Dr. H.F. Kohlbrugge heeft als weinig anderen zich bij dit denken aangesloten. In een van zijn boeken schrijft hij dat zijn vader in zijn jeugdjaren twee maal woorden tegen hem sprak die een diepe indruk achterlieten: ‘Wanneer je de vijf boeken van Mozes begrijpt, begrijp je de hele Schrift.’

Vervuld

Belangrijker nog dan Calvijn en Kohlbrugge is het spreken van de Heere Jezus, die leefde bij de Schriften en voortdurend uit de profeten aantoonde dat in Zijn komst ‘deze Schrift vervuld wordt’. Hij bracht niets nieuws, Hij schafte evenmin iets af. Juist in Zijn openbaring als de Messias, als de schakel tussen het oude en nieuwe verbond wordt het spannend, vallen de beslissingen. Immers, als Hij in de synagoge van Nazareth uit het boek van de profeet Jesaja leest, klinkt het: ‘Heden is deze Schrift in uw oren in vervulling gegaan.’ Instemming en verwondering volgen, niet veel later echter gevolgd door woede.
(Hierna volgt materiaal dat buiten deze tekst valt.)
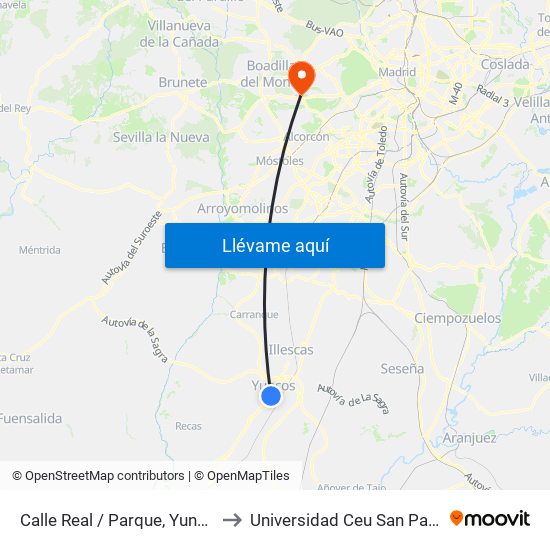 Calle Real / Parque, Yuncos to Universidad Ceu San Pablo map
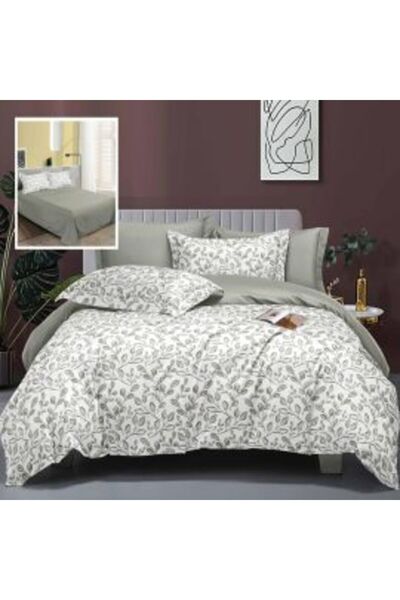 Ralex Economic Package Double Bed Linen Cotton Finet 6 Pieces Elegance + 2 Quilted Pillows 50 x 70 cm + Qu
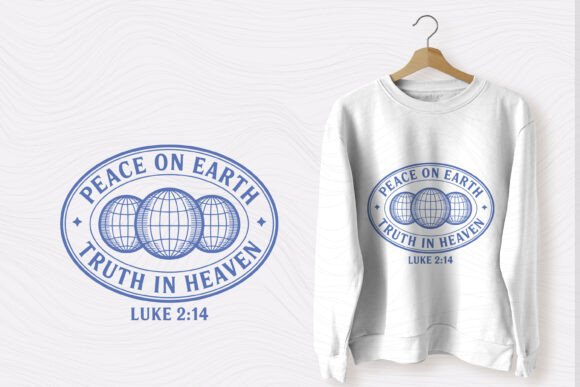 Christian Typography SVG Peace on Earth for T-Shirt Designs
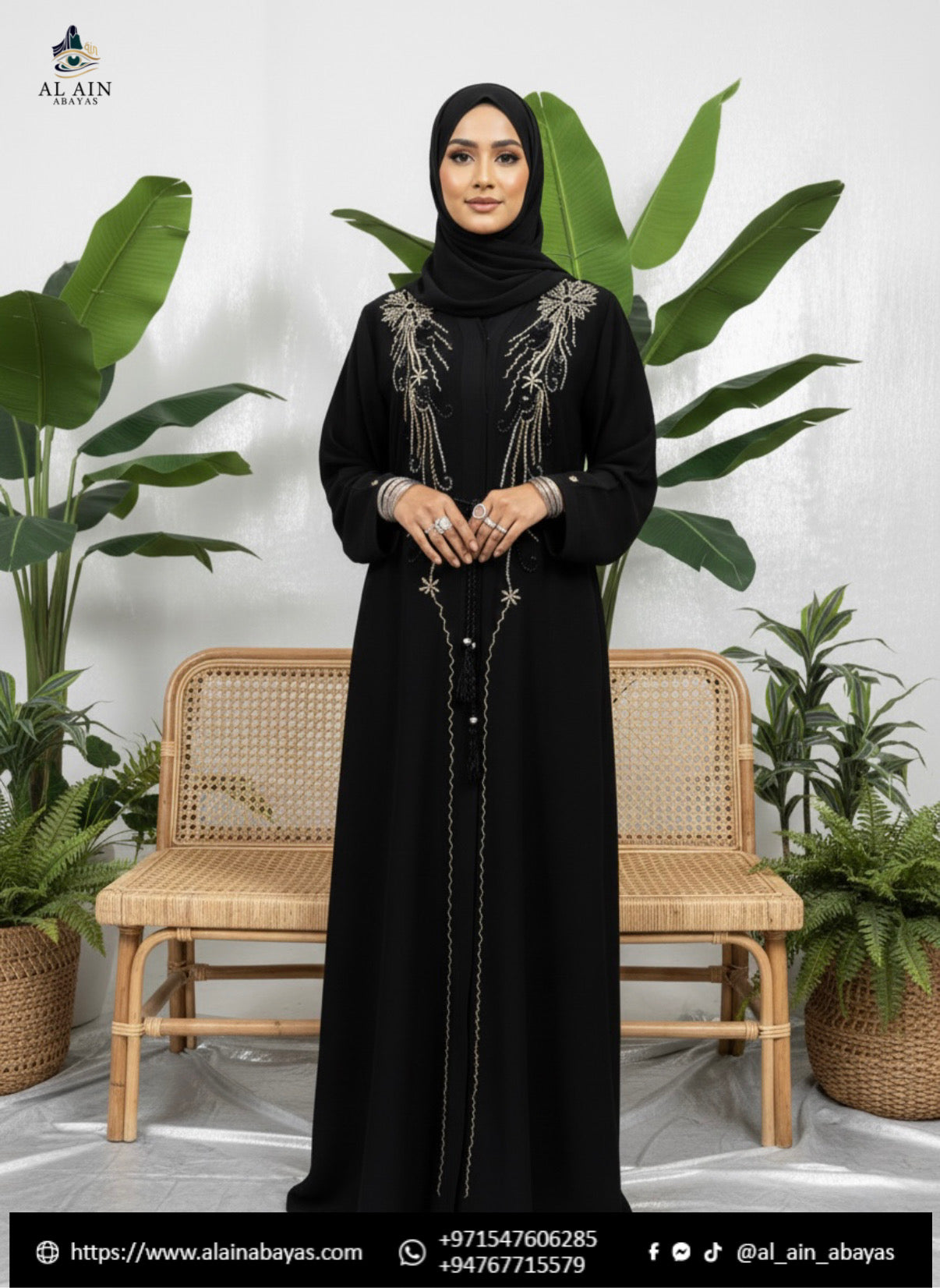Elegant Embroidered Black Abaya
Jezus heeft ons geleerd de evangeliën te lezen vanuit de geschriften van de profeten. Na Zijn opstanding opende Hij de ogen van twee reizigers naar Emmaüs voor het feit dat ‘alles vervuld moest worden wat over Mij geschreven staat in de Wet van Mozes en in de Profeten en in de Psalmen.’

Berea

Alleen al de vele verwijzingen naar het Oude Testament in de evangeliën en de brieven van de apostelen maken dat de kerk slechts tot haar schade de ‘wet en de profeten’ negeren kan. Het was Paulus (Handelingen 18:28) die in het openbaar uit de Schriften bewees dat Jezus de Christus is. Een hoofdstuk eerder komen we de Joden in Berea tegen die dagelijks de Schriften onderzoeken om te ontdekken of de woorden van Paulus en Silas waarheid zijn. Op die wijze worden zij ingewonnen voor het geloof in Jezus als de Zoon van God.

Soms moet je de dingen scherp formuleren, om een boodschap over te brengen. Dat deed de kerkelijke hoogleraar A.A. van Ruler toen hij de onderwaardering van het Oude Testament tegen wilde gaan en schreef dat het Nieuwe Testament niet meer is ‘dan een lijstje met verklarende woorden bij het Oude Testament’. Het is de ‘volkomenheid van de openbaring in Christus’ die het Oude Testament juist zijn blijvende betekenis geeft. ‘Het Nieuwe Testament ‘verklaart’ – in de zin van proclameert – dat het Oude Testament ‘het enige en eigenlijke Woord Gods in de wereld is’, aldus Van Ruler.

In Jezus Christus zijn de Schriften vervuld. De Messias Zelf zag Zijn weg erin getekend én hield aan de Schriften vast, tot op het kruis. Zouden wij anders doen?